Lemmbergs Werk blieb zunächst unbeachtet, und so versuchte der gebürtige Hesse seinen Lebensunterhalt als Autor von Ratgeberbüchern zu verdienen. „Nimm einen Stein in deine Hand und noch einen Stein. Anschließend wird es dir schwer fallen, eine Kuchengabel zu halten“, erkannte er sich selbst in „Es heißt nicht ‚Was?‘, sondern ‚Wie bitte!‘“. Das Buch wurde ein großer Erfolg, und Lemmberg erhielt den Dortmunder „Preis zur Rettung der Welt im Kleinen.“

Das Nachfolgewerk „Über Sehnsucht und Liebe, Schicksal und Schmerz und die Unmöglichkeit, Schafe und Ziegen in einer Zweizimmerwohnung unterzubringen, ohne Ärger mit dem Veterinäramt zu bekommen“, erwies sich jedoch als Flop.

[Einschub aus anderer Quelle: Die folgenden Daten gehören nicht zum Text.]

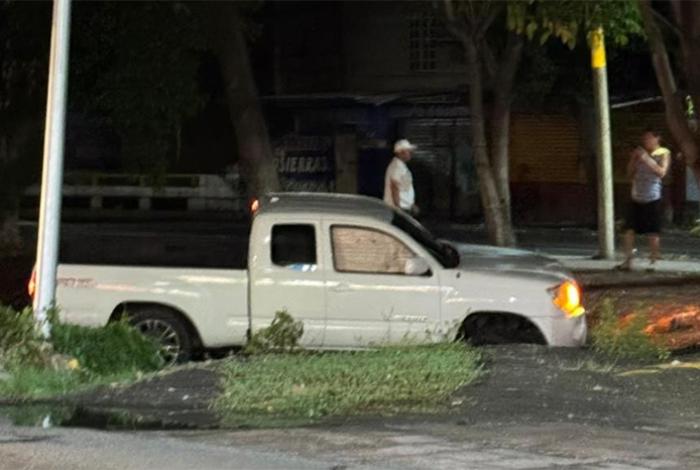 Camioneta cae a un desnivel en Apatzingán; ocupantes resultan ilesos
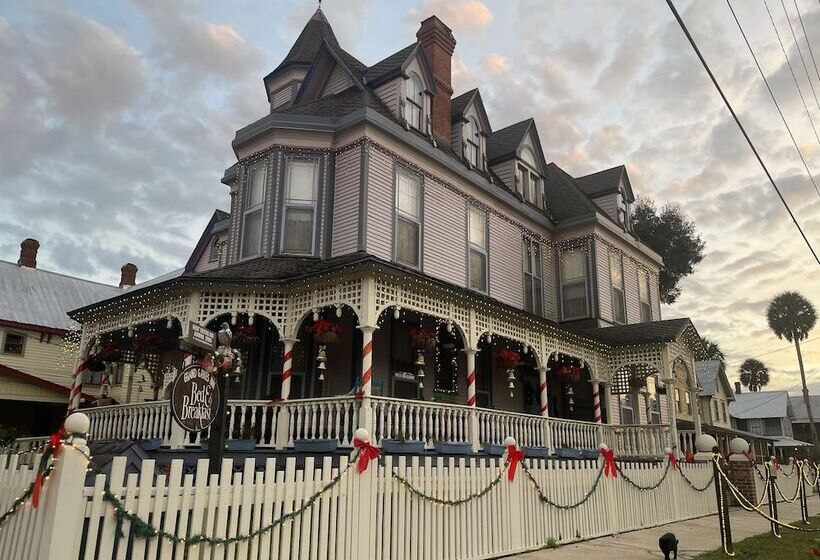 Grand Gables Inn Bed & Breakfast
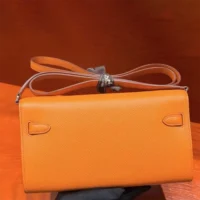 Hermes Women Kelly To Go in Epsom Leather-Orange (1)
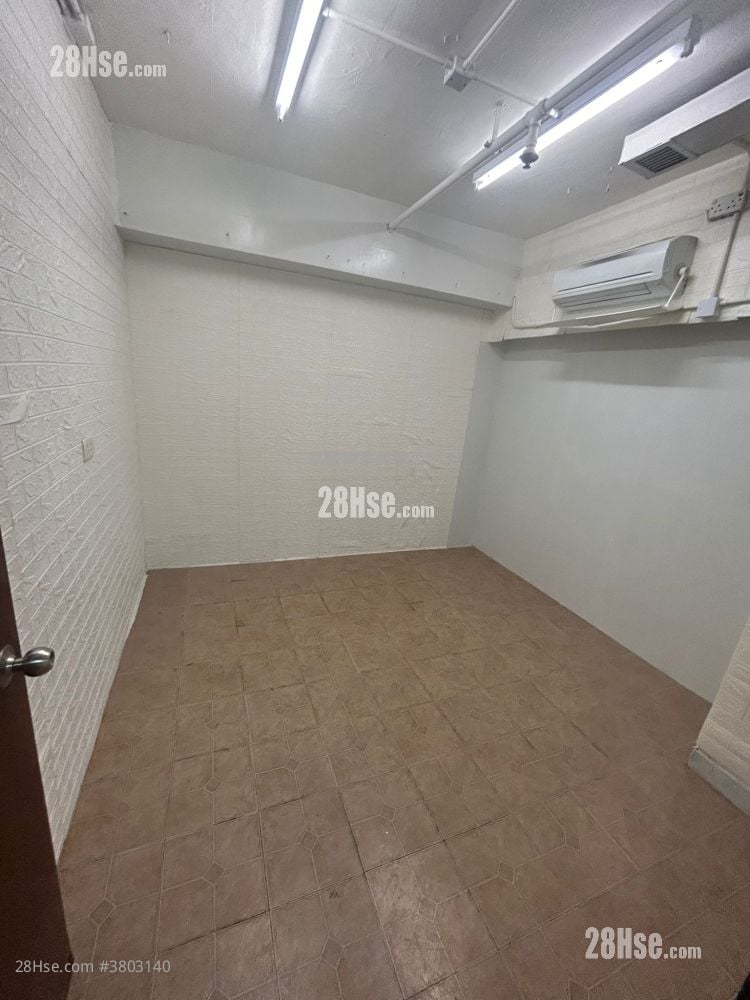 Elite Industrial Centre Rental 3 Bedrooms , 2 Toilets 1,350 ft²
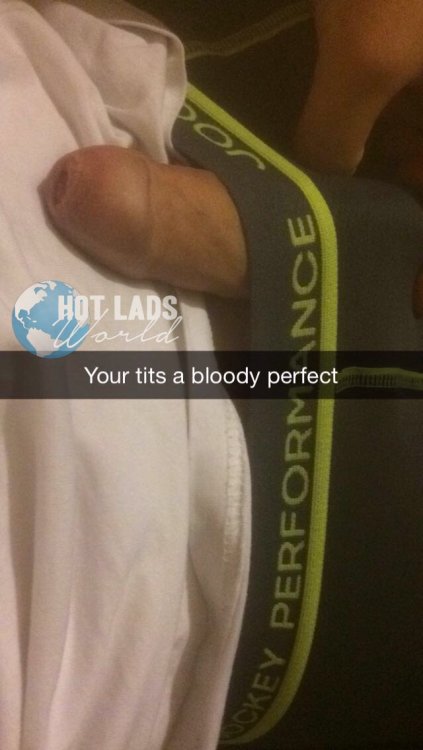 hotladsworld4: Baited horny lad on snapchat. More hot content on our blog here.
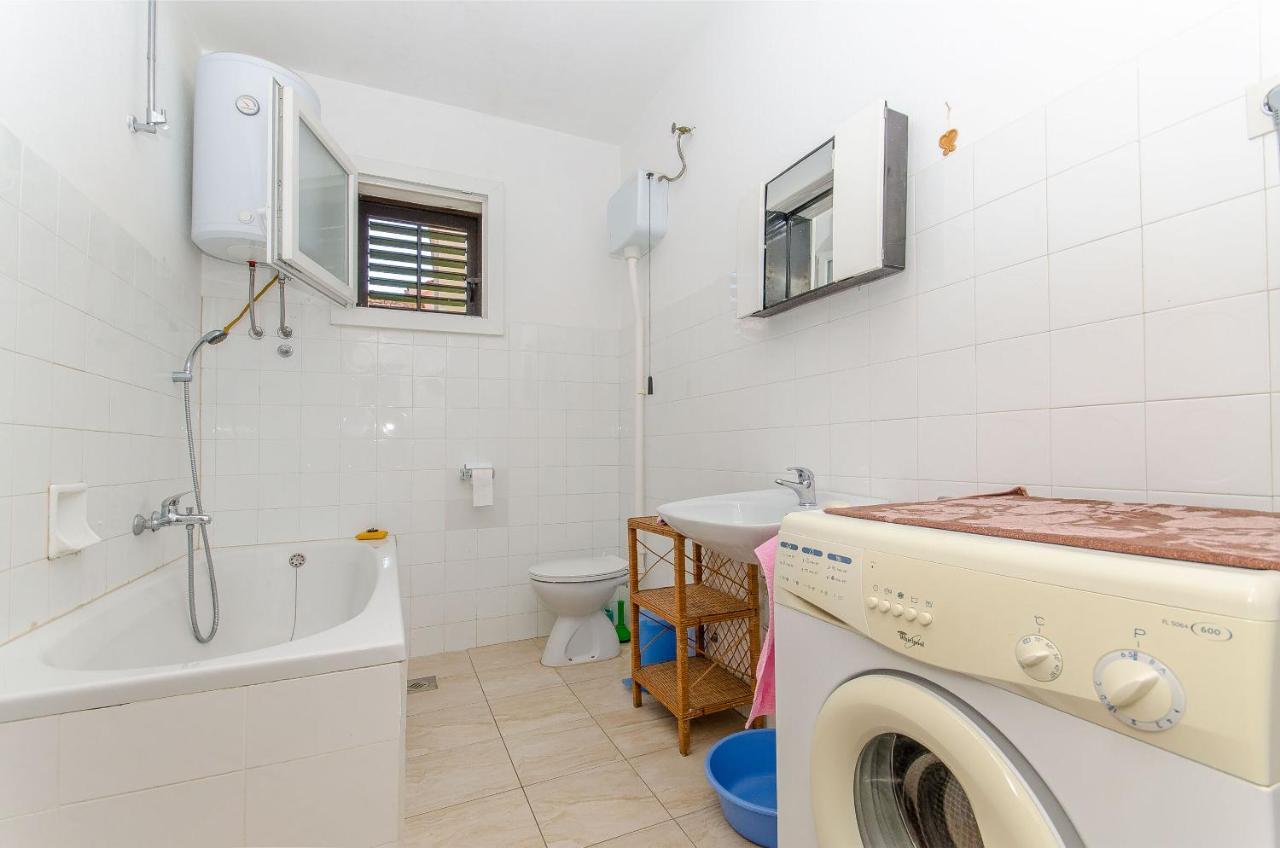 Apartments Kata Supetar Ngoại thất bức ảnh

Lemmberg geriet in eine schwere Krise und in seine alte Heimat Bayern. Folgerichtig äußerte er sich in „Der Schall des Rauchs“ enttäuscht: „Am liebsten würde ich meine Kritiker mit Papierkügelchen bewerfen, die ich vorher in Tinte getaucht habe.“ Als auch das nichts half, schlussfolgerte er: „Das Tor in Wembley war nicht drin. Es zählte trotzdem. Und so sehe ich das ganze Leben.“

In dieser Zeit entwickelte Lemmberg die Neigung, sich als Thomas Mann zu verkleiden, dazu in zwei kleinen Gurkenfässern zu stehen und arglose Passanten mit Fischen zu bewerfen. Jahrelang war ihm diese Eigenheit trotz guten Zuredens einiger Freunde und einer Podiumsdiskussion mit Walter Jens nicht abzugewöhnen. Erst als ihn der New Yorker Stadtrat Corbinian Elber, der sich als Bertolt Brecht verkleidet hatte, mit einem Eimer Tran übergoss, beendete er sein „mannöses Treiben“. Später nannte er diese Phase „Mein verkehrtes Leben im falschen“ und schrieb dazu: „Morgens wache ich auf: Die Möbel sind melancholisch, das Haus wird schwermütig, und außerdem bin ich der neue Finanzminister.“

Mit den Jahren wurden Lemmbergs Überlegungen reifer: „Man sollte sein Geld nie mit Hilfe südamerikanischer Beraterfirmen ausgeben“, verrät er in „Maxima moneta“, das in seiner Geburtsstadt Lübeck erschien. „Ohne eine gewisse Dumpfheit lässt sich das Leben nicht ertragen“, schreibt er im Anschlusswerk „Sätze, die logisch erscheinen, wenn man nicht lange über sie nachdenkt“.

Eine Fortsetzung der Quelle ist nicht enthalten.